Он знал, что сделает попытку бежать даже в момент казни. Приглядевшись внимательнее к стальным браслетам, Георгий обрадовался — ему удастся вновь выскользнуть из их объятий с помощью все того же приема, но пробовать этого он не хотел: стоило снять наручники, как все бы раскрылось. На всякий случай Георгий решил подпилить их в наименее заметных местах. Он не взялся за скрытую в расческе пилку, которой снабжали всех агентов в Каире, приберегая ее на крайний случай. Пока что, соблюдая все меры предосторожности, Георгий принялся тереть наручники о железные части нар.
— Хороша сталь! — уважительно сказал он по адресу своего тюремного ложа, когда увидел, что браслеты наручников становятся тоньше.

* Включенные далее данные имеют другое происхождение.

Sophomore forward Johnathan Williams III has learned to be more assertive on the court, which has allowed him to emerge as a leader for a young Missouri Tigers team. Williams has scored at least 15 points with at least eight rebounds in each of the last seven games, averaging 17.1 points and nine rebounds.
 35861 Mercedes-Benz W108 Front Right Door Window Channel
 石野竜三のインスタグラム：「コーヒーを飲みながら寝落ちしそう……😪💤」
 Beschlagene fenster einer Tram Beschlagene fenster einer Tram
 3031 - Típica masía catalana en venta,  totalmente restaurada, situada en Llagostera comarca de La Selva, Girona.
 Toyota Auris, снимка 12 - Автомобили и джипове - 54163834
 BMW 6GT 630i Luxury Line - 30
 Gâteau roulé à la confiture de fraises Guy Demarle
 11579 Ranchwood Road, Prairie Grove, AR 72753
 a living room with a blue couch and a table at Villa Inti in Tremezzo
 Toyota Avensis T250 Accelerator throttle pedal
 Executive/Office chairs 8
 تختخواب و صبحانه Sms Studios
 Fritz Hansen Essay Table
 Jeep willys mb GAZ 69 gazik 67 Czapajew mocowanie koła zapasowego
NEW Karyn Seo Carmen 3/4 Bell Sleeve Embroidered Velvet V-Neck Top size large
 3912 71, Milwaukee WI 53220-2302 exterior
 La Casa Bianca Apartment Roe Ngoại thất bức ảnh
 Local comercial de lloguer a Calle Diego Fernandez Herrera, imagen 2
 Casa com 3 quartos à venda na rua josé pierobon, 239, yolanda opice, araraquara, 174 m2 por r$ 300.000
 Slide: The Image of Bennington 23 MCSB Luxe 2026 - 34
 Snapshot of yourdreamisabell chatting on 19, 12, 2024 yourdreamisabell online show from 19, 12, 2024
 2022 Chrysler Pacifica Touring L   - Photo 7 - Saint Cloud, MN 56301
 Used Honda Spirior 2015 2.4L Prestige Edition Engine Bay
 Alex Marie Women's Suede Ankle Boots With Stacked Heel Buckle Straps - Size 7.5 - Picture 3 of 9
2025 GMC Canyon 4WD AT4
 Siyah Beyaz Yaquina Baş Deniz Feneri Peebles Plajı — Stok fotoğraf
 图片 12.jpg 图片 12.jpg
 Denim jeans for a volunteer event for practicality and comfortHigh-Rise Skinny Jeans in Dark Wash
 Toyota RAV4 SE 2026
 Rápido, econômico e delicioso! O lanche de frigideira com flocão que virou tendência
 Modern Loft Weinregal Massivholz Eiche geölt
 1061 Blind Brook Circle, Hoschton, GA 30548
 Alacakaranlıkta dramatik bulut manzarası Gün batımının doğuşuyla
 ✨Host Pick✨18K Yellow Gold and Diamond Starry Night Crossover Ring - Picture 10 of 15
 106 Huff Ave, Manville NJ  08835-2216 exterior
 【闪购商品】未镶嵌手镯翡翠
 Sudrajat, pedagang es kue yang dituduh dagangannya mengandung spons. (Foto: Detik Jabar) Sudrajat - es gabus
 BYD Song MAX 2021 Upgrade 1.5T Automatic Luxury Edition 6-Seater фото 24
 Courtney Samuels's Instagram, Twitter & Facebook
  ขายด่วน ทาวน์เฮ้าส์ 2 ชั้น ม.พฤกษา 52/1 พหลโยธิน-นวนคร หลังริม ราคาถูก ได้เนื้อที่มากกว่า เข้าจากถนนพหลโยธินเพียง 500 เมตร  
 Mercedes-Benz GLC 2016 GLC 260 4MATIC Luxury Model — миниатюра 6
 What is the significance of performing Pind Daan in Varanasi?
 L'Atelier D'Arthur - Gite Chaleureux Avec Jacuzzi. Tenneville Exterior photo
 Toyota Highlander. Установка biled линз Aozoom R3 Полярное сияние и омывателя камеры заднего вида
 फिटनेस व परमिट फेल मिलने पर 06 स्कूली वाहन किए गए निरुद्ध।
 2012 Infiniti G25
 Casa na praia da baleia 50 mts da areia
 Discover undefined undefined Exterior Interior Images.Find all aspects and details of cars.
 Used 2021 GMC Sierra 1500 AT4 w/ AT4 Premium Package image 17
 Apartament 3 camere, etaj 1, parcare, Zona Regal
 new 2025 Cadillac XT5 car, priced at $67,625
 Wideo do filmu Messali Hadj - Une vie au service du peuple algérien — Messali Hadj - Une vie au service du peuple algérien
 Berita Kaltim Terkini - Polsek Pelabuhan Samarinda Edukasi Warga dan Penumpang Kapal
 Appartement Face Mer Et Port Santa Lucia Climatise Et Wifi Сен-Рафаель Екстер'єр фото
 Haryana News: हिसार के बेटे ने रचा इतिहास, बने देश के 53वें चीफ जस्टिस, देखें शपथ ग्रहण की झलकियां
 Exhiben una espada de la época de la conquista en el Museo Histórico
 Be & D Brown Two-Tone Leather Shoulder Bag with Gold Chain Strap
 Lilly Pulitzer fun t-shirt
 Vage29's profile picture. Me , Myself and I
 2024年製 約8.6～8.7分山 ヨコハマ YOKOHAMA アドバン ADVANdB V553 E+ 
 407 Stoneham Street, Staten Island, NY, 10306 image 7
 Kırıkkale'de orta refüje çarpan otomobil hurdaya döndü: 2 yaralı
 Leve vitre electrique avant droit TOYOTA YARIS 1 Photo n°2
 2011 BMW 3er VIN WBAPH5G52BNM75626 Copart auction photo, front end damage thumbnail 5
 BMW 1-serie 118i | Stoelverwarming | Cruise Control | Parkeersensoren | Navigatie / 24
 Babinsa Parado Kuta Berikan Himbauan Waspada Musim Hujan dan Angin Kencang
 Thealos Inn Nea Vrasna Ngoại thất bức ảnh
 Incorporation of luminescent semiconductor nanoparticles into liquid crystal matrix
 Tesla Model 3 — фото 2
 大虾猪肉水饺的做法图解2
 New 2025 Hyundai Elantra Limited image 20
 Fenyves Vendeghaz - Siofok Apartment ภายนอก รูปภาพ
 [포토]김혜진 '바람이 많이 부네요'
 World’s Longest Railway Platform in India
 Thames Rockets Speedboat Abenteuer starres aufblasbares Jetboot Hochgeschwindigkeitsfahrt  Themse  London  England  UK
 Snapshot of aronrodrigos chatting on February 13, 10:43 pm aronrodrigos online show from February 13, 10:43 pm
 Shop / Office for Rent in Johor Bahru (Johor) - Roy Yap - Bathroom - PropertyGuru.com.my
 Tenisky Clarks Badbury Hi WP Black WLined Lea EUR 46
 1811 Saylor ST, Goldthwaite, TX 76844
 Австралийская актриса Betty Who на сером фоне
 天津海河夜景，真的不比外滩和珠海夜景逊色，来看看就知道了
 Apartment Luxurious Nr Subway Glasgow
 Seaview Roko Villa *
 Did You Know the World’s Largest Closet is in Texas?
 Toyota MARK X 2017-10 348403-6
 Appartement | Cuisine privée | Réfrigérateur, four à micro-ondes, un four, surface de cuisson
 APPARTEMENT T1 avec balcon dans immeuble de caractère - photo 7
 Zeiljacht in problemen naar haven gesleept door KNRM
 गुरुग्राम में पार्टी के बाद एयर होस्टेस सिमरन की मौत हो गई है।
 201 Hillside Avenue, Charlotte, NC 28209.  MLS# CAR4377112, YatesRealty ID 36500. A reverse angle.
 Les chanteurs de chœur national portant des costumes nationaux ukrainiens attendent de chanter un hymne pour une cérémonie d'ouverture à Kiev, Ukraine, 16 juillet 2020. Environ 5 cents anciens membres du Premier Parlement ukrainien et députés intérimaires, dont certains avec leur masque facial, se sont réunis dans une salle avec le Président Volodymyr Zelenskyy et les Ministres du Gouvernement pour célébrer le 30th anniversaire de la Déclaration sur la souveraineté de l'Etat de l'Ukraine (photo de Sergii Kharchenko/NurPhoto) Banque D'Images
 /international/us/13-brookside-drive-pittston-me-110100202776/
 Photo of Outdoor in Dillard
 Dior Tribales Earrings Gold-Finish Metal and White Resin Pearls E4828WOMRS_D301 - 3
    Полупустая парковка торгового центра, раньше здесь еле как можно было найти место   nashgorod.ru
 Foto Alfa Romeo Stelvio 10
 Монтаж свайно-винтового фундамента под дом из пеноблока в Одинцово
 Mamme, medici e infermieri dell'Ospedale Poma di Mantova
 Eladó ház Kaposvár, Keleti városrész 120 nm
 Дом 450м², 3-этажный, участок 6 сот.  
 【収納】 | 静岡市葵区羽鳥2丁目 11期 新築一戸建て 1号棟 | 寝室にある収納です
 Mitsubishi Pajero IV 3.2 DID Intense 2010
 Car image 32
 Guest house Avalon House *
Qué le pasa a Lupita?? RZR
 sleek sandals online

Возможность побега из самого здания тюрьмы выглядела довольно сомнительно хотя бы уже потому, что в камере не было окон. Попытка могла увенчаться успехом только где-то на пути к месту казни. Георгий напрягал память, пытаясь вспомнить дорогу, ведущую к стрельбищу Кесариани, где немцы обычно приводили в исполнение смертные приговоры. Он вспомнил, что на стрельбище в изобилии есть оливковые деревья и кипарисы, на окраинах — заросшие кустарником каменистые пустыри. Трудно сказать: остановят ли машину с осужденными перед Кесариани или сразу же въедут на стрельбище. Так или иначе, но, избавившись от наручников, придется либо долго бежать, либо перепрыгивать через стены и загородки. Как спортсмен, Георгий прекрасно знал, что, не сохрани он спортивной формы, вряд ли ему удастся такой пусть и кратковременный, но интенсивный марш-бросок.